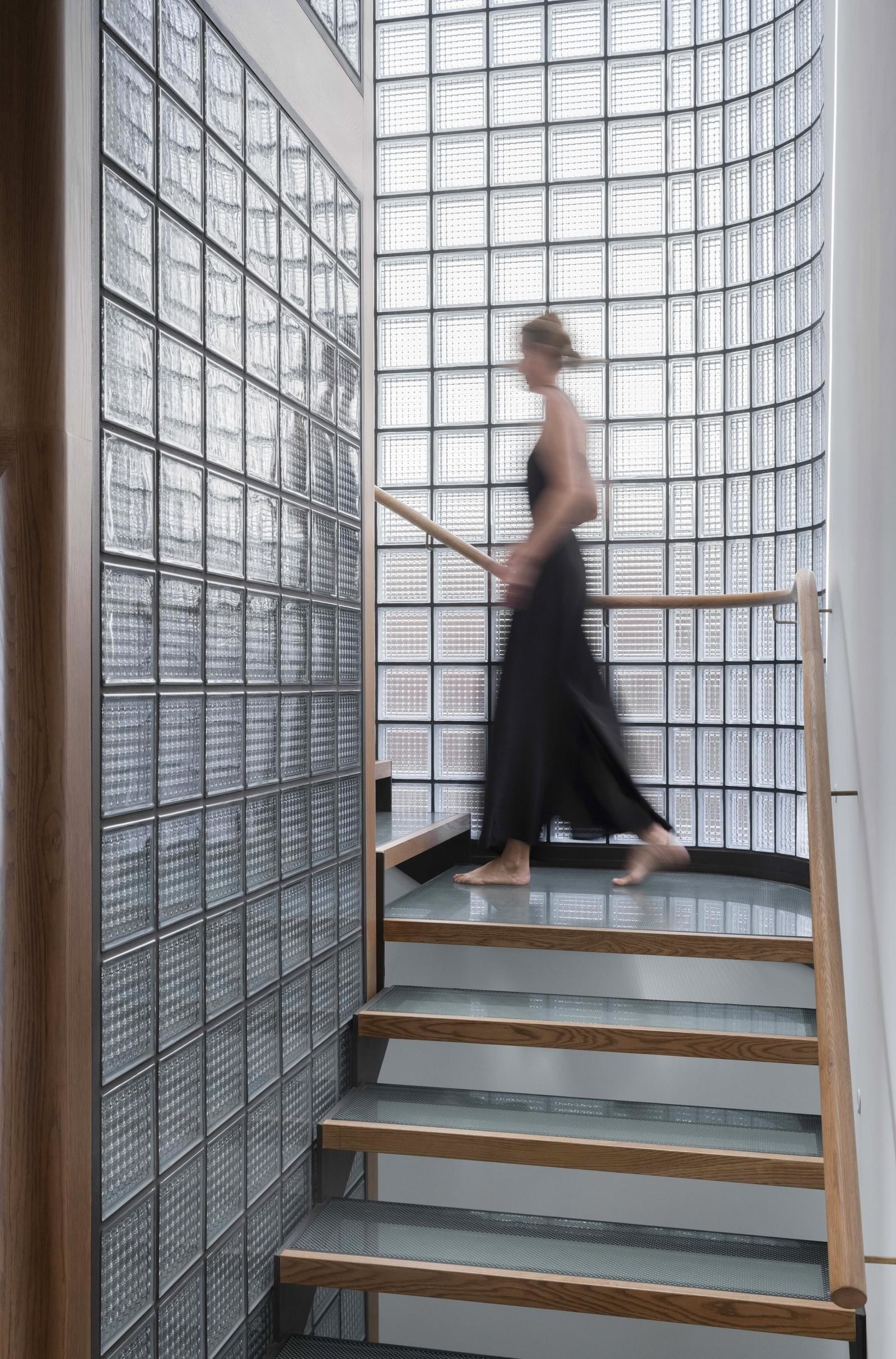 國外別墅設計,海景別墅,玻璃磚,別墅設計,豪宅設計,600㎡別墅設計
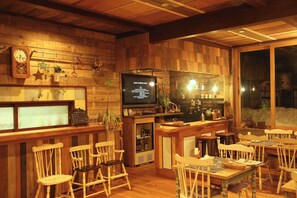 Bar (on property) - Tabi Yado Rantan (Shinano)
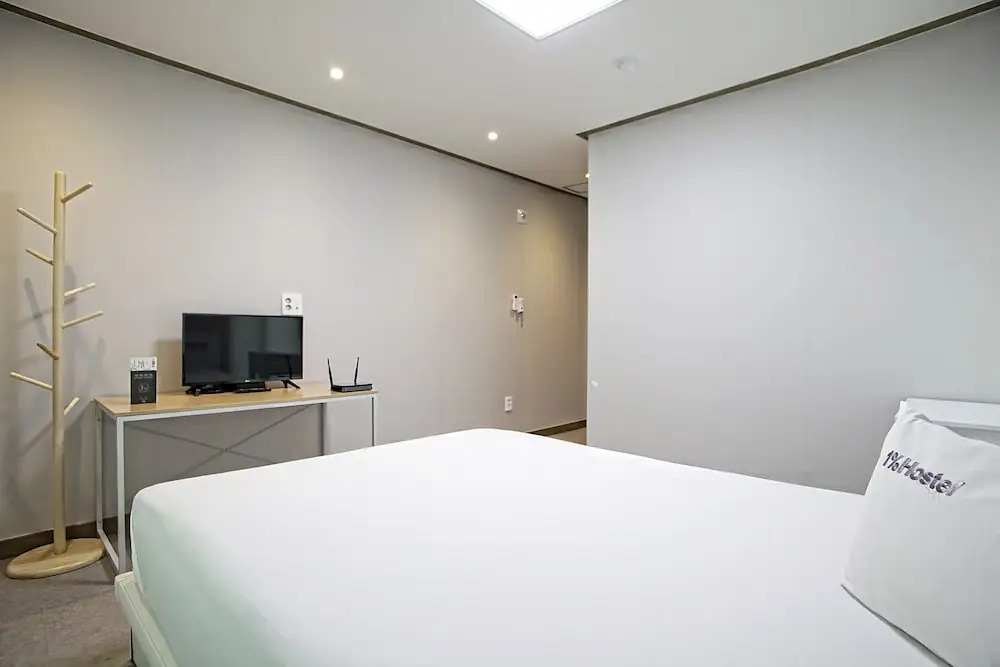 1% Hostel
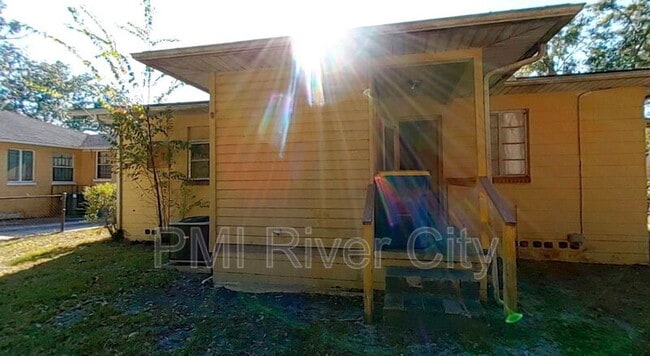 Building Photo - 5223 Polan Ln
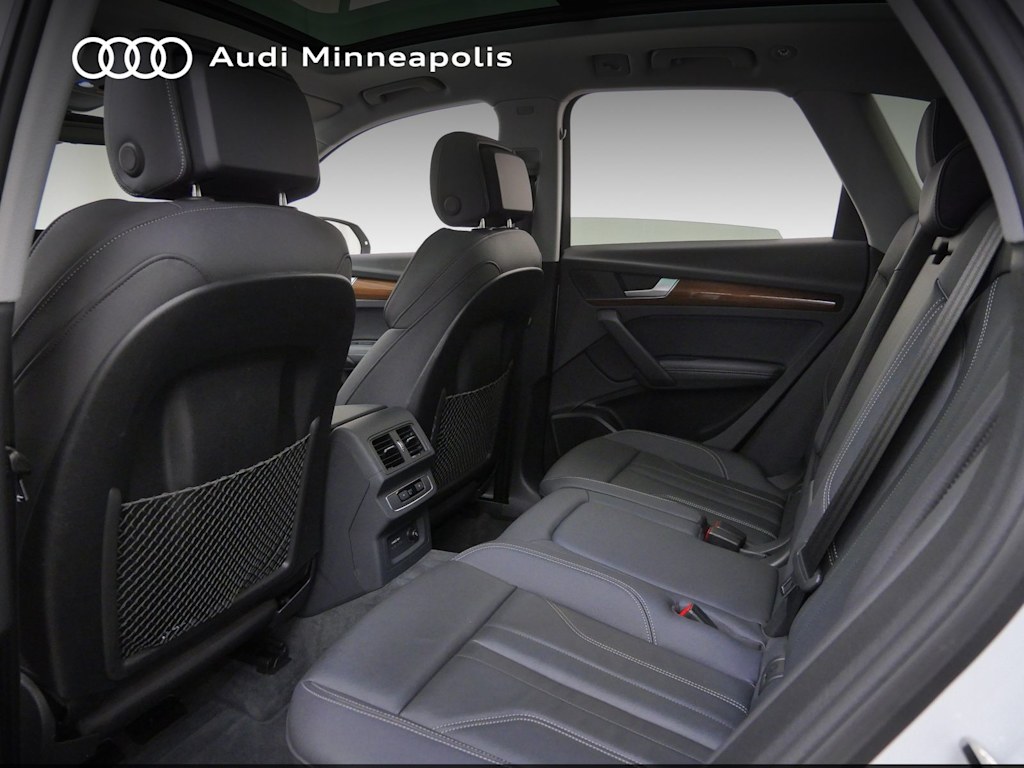Thumbnail: 2024 Audi Q5 - 9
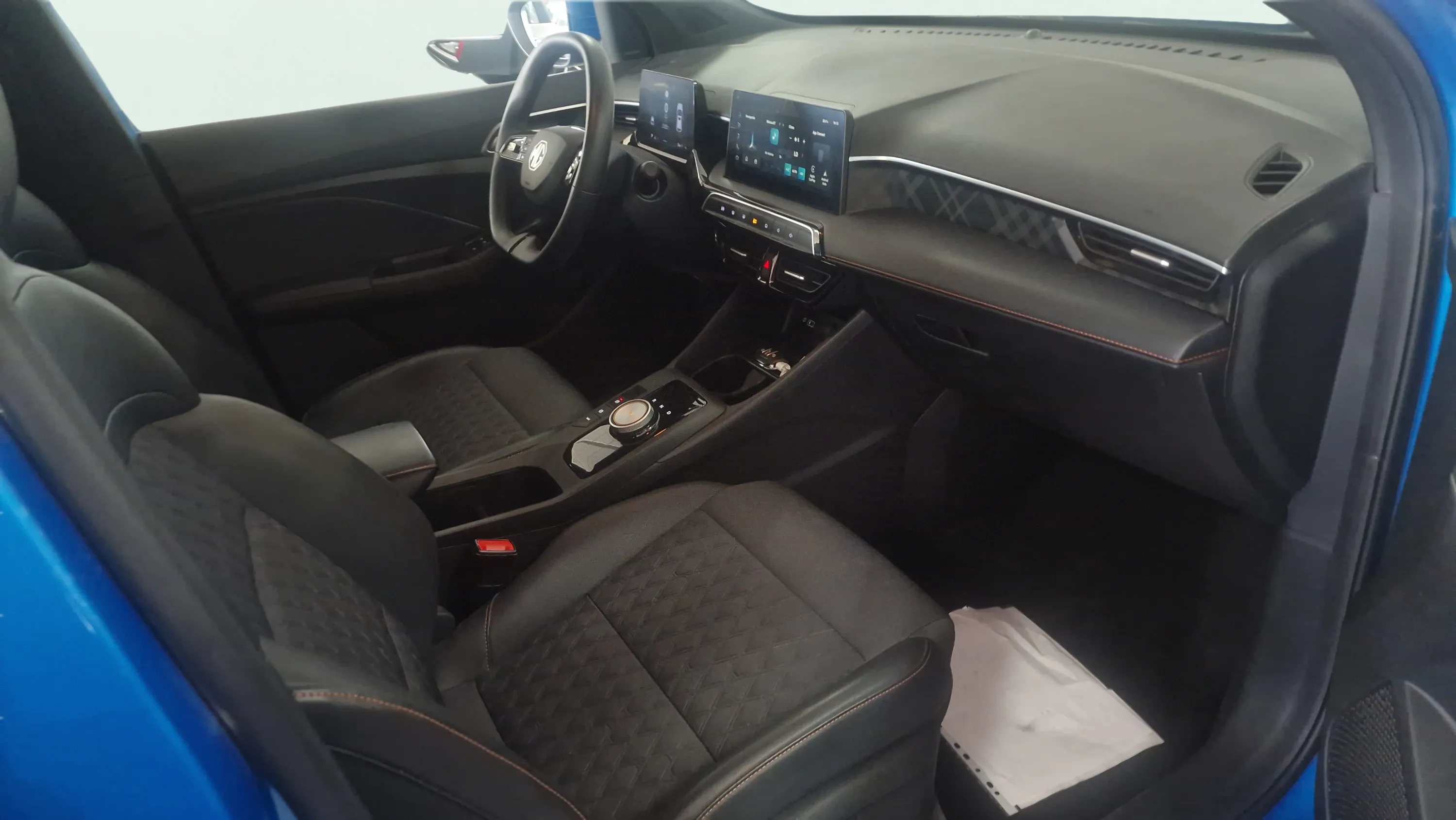 MG MG3 Hybrid+ Luxury - foto 20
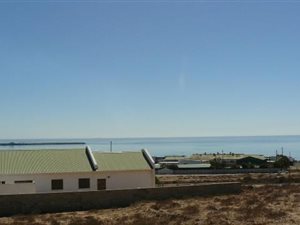 1101 m² Land available in Britannica Heights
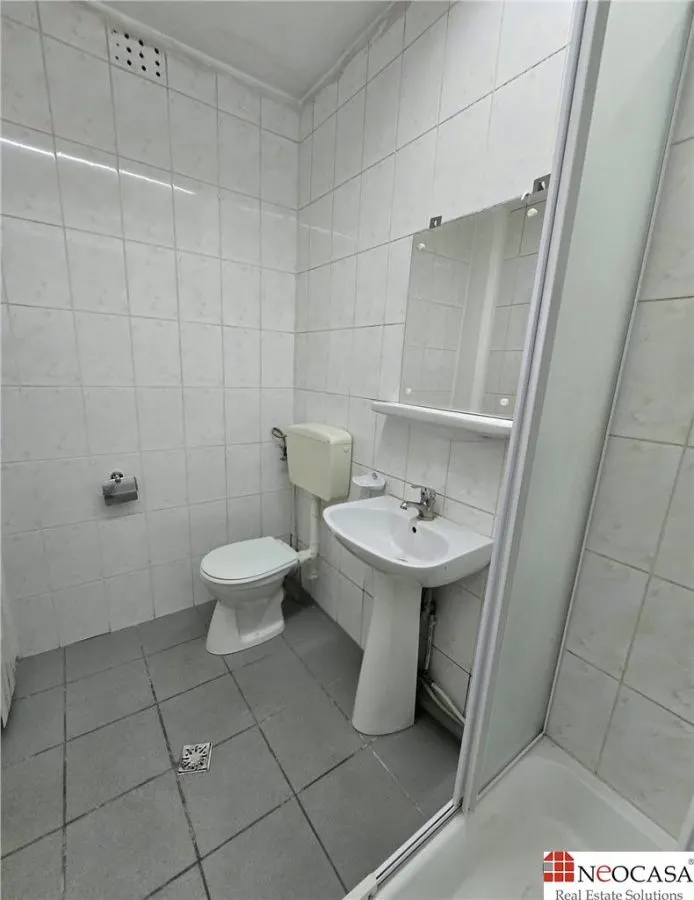 APARTAMENT 3 CAMERE + 1 GARSONIERA  PE ACELASI PALIER - foto 9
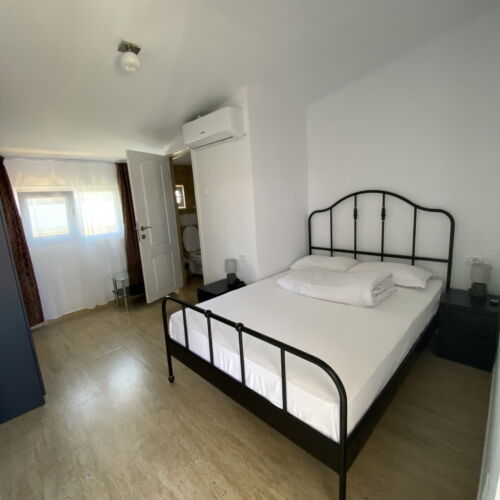 Camera dubla family la etaj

_ABOUT THIS TASK_
With the pictures left out, copy exactly the lines from the line holding "APARTAMENT 3 CAMERE" through the final line of the records, including both.

_SOLVED PROBLEM_
 APARTAMENT 3 CAMERE + 1 GARSONIERA  PE ACELASI PALIER - foto 9
 Camera dubla family la etaj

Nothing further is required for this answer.